Nagano with Famous Summer Resorts
Nagano prefecture is home to places such as Karuizawa and Kamikochi that are cool even during summer, so many people escape the summer heat there.
Karuizawa, surrounded by greenery, has long been a popular summer retreat destination. It is cool enough that you do not need an air conditioner, simply relax at a hotel or rent a summer villa to enjoy the fresh breeze.
On the other hand, at Kamikochi, you can enjoy the spectacular views of the Japanese Alps, Taisho Pond and Kappa Bridge. It is also a popular hiking spot. Those wishing to see alpine flora can visit Hakuba or Norikura Kogen.
Okinawa, Tropical Island Holiday Destination
Okinawa is a great place to visit if you love beautiful beaches. It is the southernmost island in Japan. In addition to swimming and various marine sports, you can also enjoy sightseeing at Churaumi Aquarium and Kokusai Street.
Okinawa’s unique culture, which is very different from other parts of Japan, is also part of the attraction. It would be nice to enjoy Okinawa food like Okinawa soba and goya chanpuru (stir fried bitter gourd), as well as seeing buildings with distinctive stone walls and Shisa.

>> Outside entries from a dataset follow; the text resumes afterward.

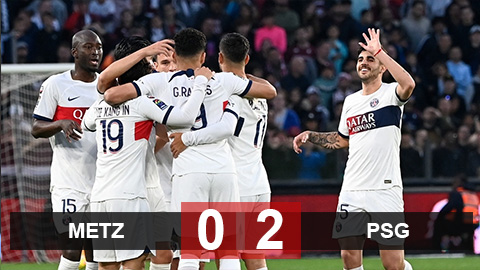 Kết quả Metz 0-2 PSG: Thiết lập kỷ lục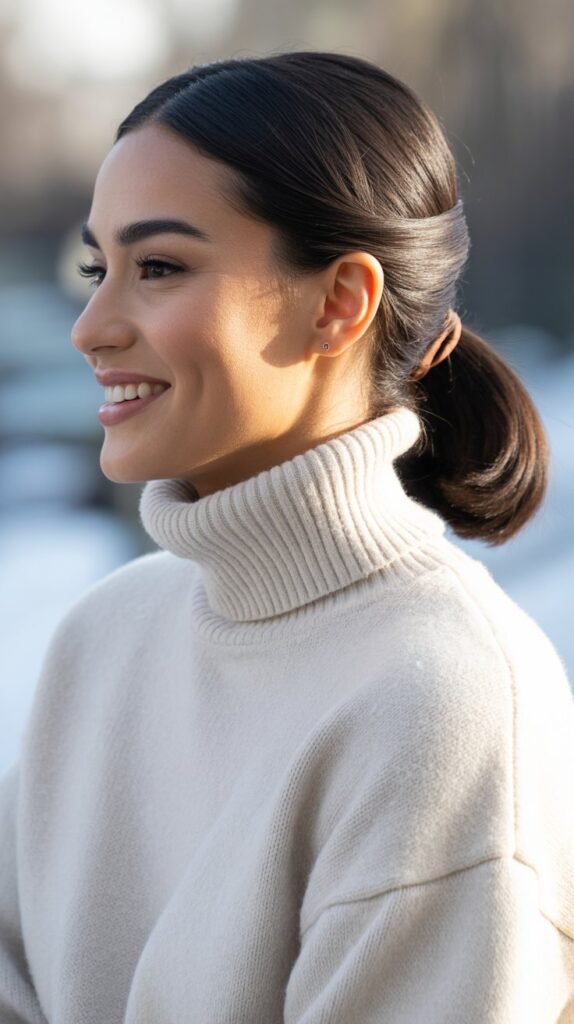 Sleek Low Ponytail with Wrapped Base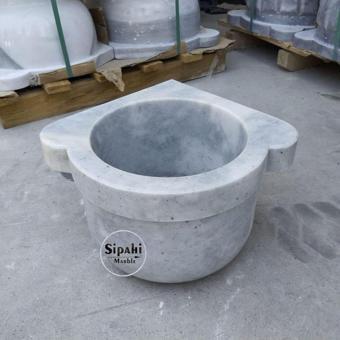 Sipahi Marble Afyon Bulutlu Mermer Düz Köşe Mini Kurna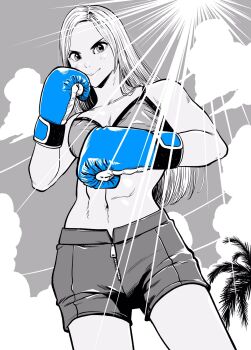 1girl abs bikini bikini_top_only blue_gloves boxing_gloves breasts cloud commentary_request cowboy_shot fighting_stance forehead from_below gloves greyscale highres lee_(dragon_garou) light_rays linea_alba long_hair medium_breasts monochrome navel original short_shorts shorts smile solo spot_color sunlight swimsuit toned toned_female tree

There are traditional summer events in Japan that have been passed down through generations. In this part, we will introduce Tanabata, Obon, and Fireworks Festivals.
Tanabata, Make A Wish Upon the Star
Tanabata (七夕), held on the 7th of July, is an event celebrated by decorating strips of paper with wishes written on them, called “tanzkku (短冊)”, on bamboo tree branches and praying to the stars for those wishes to come true. Depending on the region, Tanabata can be held in early to mid August.

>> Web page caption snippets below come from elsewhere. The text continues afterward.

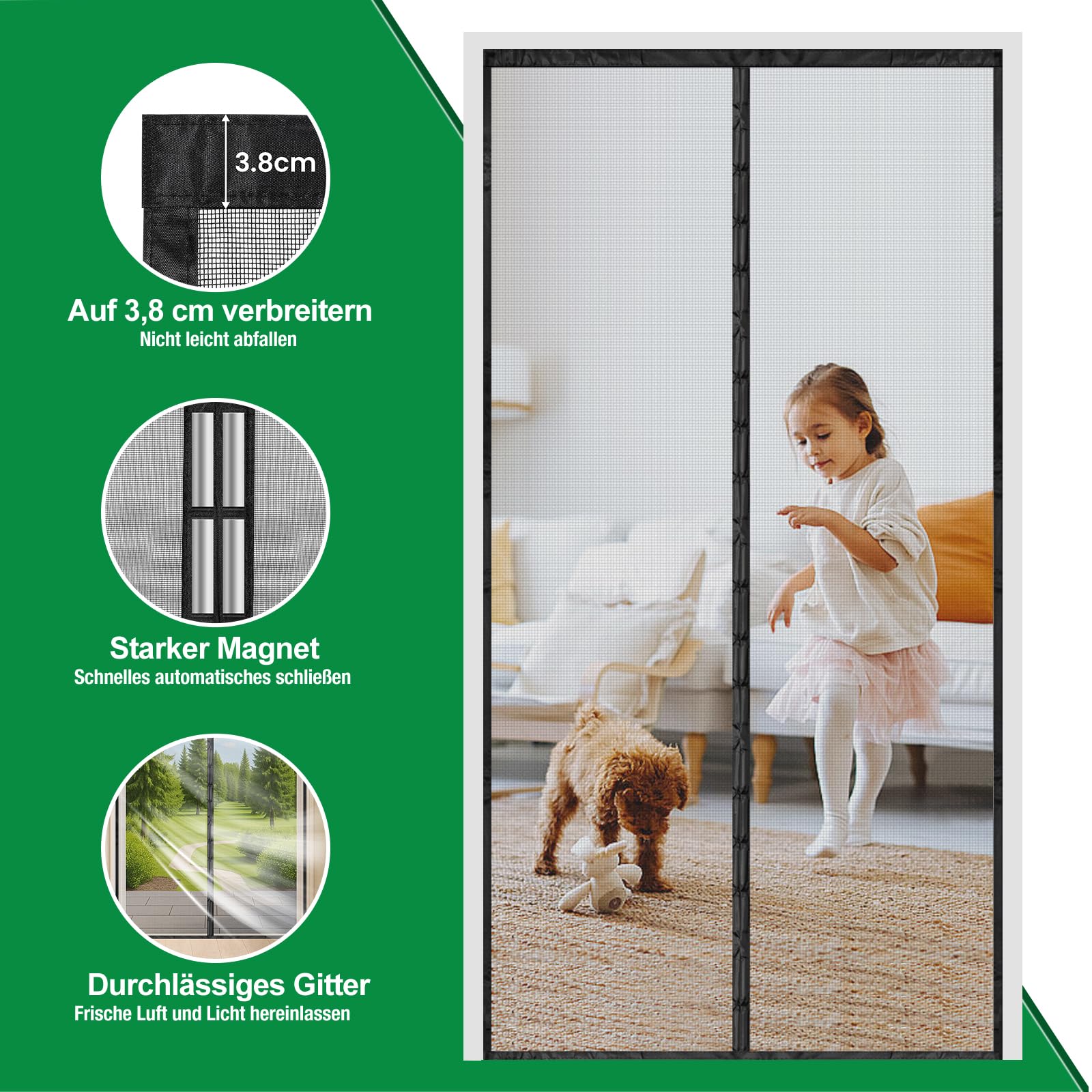 Fly screen balcony door magnet, 80x210cm insect protection balcony door 3.8cm wide Velcro tape stronger magnets no drilling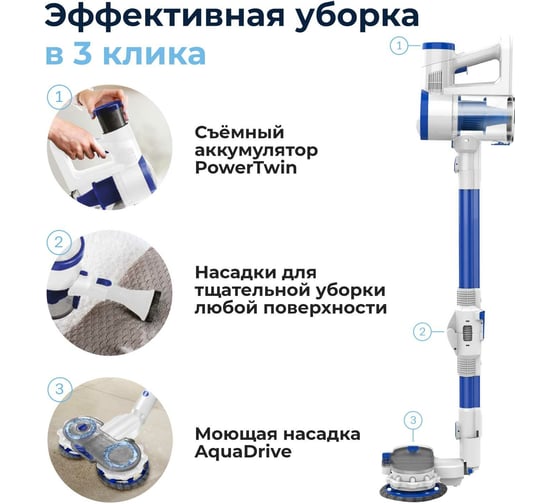 Вертикальный беспроводной пылесос Remezair RMVC-502 MultiClick S Aqua ЦБ-00000300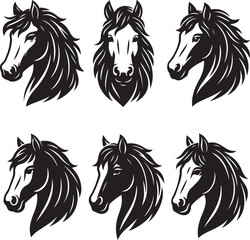 Set of Stylish Black and White Horse Head Silhouette Illustrations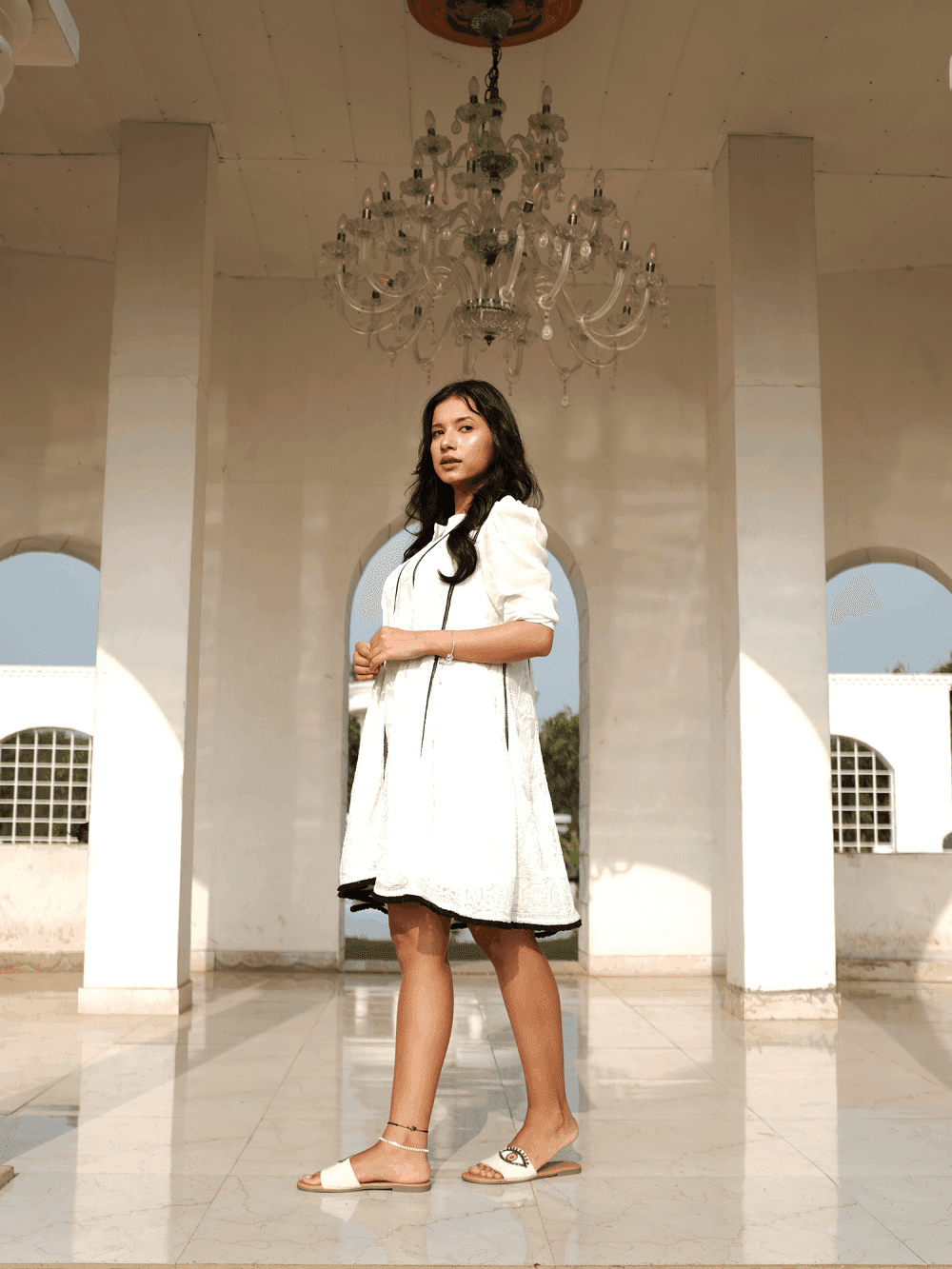 Rukhsar Chikankari Anarkali Kurta/ Dress - Monk & Mei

Around July 7 is the time of the year when the stars Vega in the constellation Lyra and Altair in the constellation Aquila are best seen. The stars are likened to the mythical figures of Orihime (織姫) and Hikoboshi (彦星), and it is believed to be the day when they are reunited in the skies.
Obon, Worshipping of Ancestor’s Spirits
Obon (お盆), held from August 13 to 16, is an event to honour the spirits of ancestors. It is customary to place lanterns around the Buddhist altar and make offerings of fruits and sweets. On August 13, flames called “mukaebi (迎え火)” is lit at the ancestor’s grave, the house entrance, and the garden to welcome the ancestors. Later, on August 16, the same is done to send off the ancestors but this time called “okuribi (送り火)”.

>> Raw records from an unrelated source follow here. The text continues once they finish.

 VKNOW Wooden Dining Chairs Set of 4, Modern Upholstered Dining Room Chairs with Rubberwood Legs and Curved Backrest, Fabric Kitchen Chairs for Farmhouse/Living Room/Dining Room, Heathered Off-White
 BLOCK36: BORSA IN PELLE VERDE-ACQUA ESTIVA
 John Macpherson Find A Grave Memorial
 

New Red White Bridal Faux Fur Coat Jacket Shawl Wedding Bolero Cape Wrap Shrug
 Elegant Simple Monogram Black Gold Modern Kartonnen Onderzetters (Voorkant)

During the Obon period, family members and relatives usually gather to remember and hold a memorial service for those who have passed on.
Fireworks Festival, Lighting Up the Night Sky
In summer, fireworks festivals called “hanabi taikai (花火大会)” are held all around Japan. Below, we introduce 3 of the most famous fireworks festivals in Japan.
National Fireworks Competion (全国花火競技大会, also called 大曲の花火 Omagari no Hanabi)
With a history of over 100 years, this event is held in the Omagari district of Daisen City, Akita Prefecture. Features fireworks by some of the best pyrotechnicians in Japan.
Nagaoka Fireworks Festival Show (長岡まつり大花火大会)
Held in Nagaoka City, Niigata prefecture, the highlight of this event is the “Phoenix (復興祈願花火フェニックス)” that is set off over a distance of approximately 2 km, that carries the wish for complete recovery from damages caused by disasters. Another famous firework is the「正三尺玉 shosanshakudama」which boasts a diameter of 650 m.
Suwa Lake Fireworks Festival (諏訪湖湖上花火大会)
This is the largest fireworks display in Japan with around 40,000 released every year. It is held in Suwa City in Nagano prefecture.
If you go to a firework festival, we recommend looking around the night stalls near the venue where you can buy sweets and play games.
Summer in Japan is hot and humid. To keep cool, try the time-tested traditional methods like wearing yukata, getting a wind chime that works as a souvenir too, and using fans. Summer in Japan is a popular time to travel. Popular summer destinations include Hokkaido, Nagano and Okinawa. There will be summer events like firework festivals all around Japan, so take the chance to attend one.